Over the last 30 years Eric Hansen has traveled throughout Europe, the Middle East, Australia, Nepal, and Southeast Asia working as a writer and photojournalist. He is the author of Stranger in the Forest, Motoring with Mohammed, Orchid Fever, and The Bird Man and the Lap Dancer. His articles have appeared in the New York Times, Travel + Leisure, Conde Nast Traveler, Outside Magazine, Men’s Journal, and Natural History Magazine.

How did you get started traveling?

My grandmother sent me to study art history in St. Petersburg in 1968. Later, when I was drafted in 1971, I left the U.S. for eight years during which time I lived in northern Spain, Morocco, Greece, Israel, Afghanistan, India, Nepal, Indonesia, and Australia for extended lengths of time. The craft of writing is similar to dancing. If you want to get good fast, learn slowly. And practice. If you don’t master the basics of storytelling and writing in the beginning you will suffer by making the same mistakes over and over again.

How did you get started writing?

By writing long letters to friends when I was living overseas — and by keeping extensive travel journals. Also by living with people in the third world who have mastered the art of storytelling. The oral tradition of recording personal history is the very best way to frame a story. It’s all about engaging the listener and making your story their story. My professional career started with the publication of my first book — Stranger in the Forest — which is an account of living with groups of nomadic hunters and gatherers in the Borneo rainforest. I have never studied writing and rather than the usual approach to getting published via magazine and newspaper work, I just sat down and wrote a book with the help of a very good editor who brought out the best in me as a person and as a writer.

What do you consider your first “break” as a writer?

My first break took place when Stranger in the Forest was taken to the Frankfurt Book Fair, where 12 British publishers got into a frenzied bidding war for the book.
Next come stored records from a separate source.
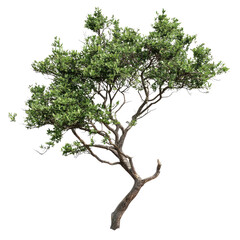 A realistic photo of the Baobab tree, with a transparent background. The Baobab tree can be further used as an element in architectural design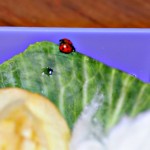 Coccinelle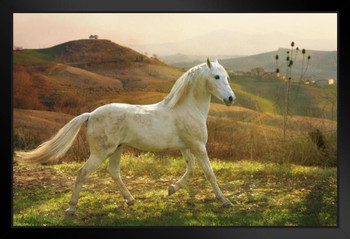 White Horse Running Trotting in a Field Wild Horses Decor Galloping Horses Wall Art Horse Poster Print Poster Horse Pictures Running Horse Breed Poster Stand or Hang Wood Frame Display 9x13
The result of that sale allowed me to write full time. A blessing, really.

As a traveler and fact/story gatherer, what is your biggest challenge on the road?

Getting on the road is the big challenge. The planning and concept phase can take years. Like a dog circling a blanket, waiting for just the right mood before settling in. Once I am on location everything just happens effortlessly. Nothing is more natural for me than to immerse myself in strange and new places. It is a process that I refer to as ‘throwing myself into the weirdness of the world.’ More a state of mind than anything else. It is all about suspending judgment and absorbing what ‘is’ rather than ‘what I think it is,’ if that makes sense.

What is your biggest challenge in the research and writing process?

Winnowing down the endless number of subjects that interest me. But once a topic and a destination have been selected the biggest challenge is the fact-checking process. I am a demon for getting the facts right. My book Orchid Fever took me six years to write because of all the legal and scientific details.

What is your biggest challenge from a business standpoint? Editors? Finances? Promotion?

Finding a good agent and a good editor — and a good publishing house. Making sure that the contract is mutually beneficial to both the author and the publisher. Granting of rights can be very complicated and tricky. The contract is the foundation of all the financial benefits that follow — or don’t follow as the case may be. Never sign a contract that hasn’t been closely examined by a literary agent that you trust.

Have you ever done other work to make ends meet?

After the successful publication of Stranger in the Forest in 1987, and with all the foreign editions and continuing high sales, I have never had to take other work, although from time to time I will do magazine assignments just for a change of pace and to get out in the world or see a place that interests me.

What travel authors or books might you recommend and/or have influenced you?

Many books and authors, but to just name a few of the very best that are essential reading for all aspiring travel writers or armchair travelers:

Eric Newby — A Short Walk in the Hindu Kush Robyn Davidson — Tracks Bruce Chatwin — In Patagonia Ted Simon — Jupiter’s Travels Bill Bryson — The Lost Continent Evelyn Waugh — Remote People Thor Heyerdahl — Kon Tiki

What advice and/or warnings would you give to someone who is considering going into travel writing?

Write the truth of the experience. Exaggerations and fabrications cheat both the writer and the reader. My favorite quote about writing comes from John Steinbeck: “The discipline of the written word punishes both stupidity and dishonesty.”

What is the biggest reward of life as a travel writer?

That I can lead the life I feel I was intended to lead. It allows me to find my place in the world over and over again. The destinations change and the writing evolves, but the essential experience of finding truth, humor, meaning, and new and unexpected ways of thinking and being remains a constant.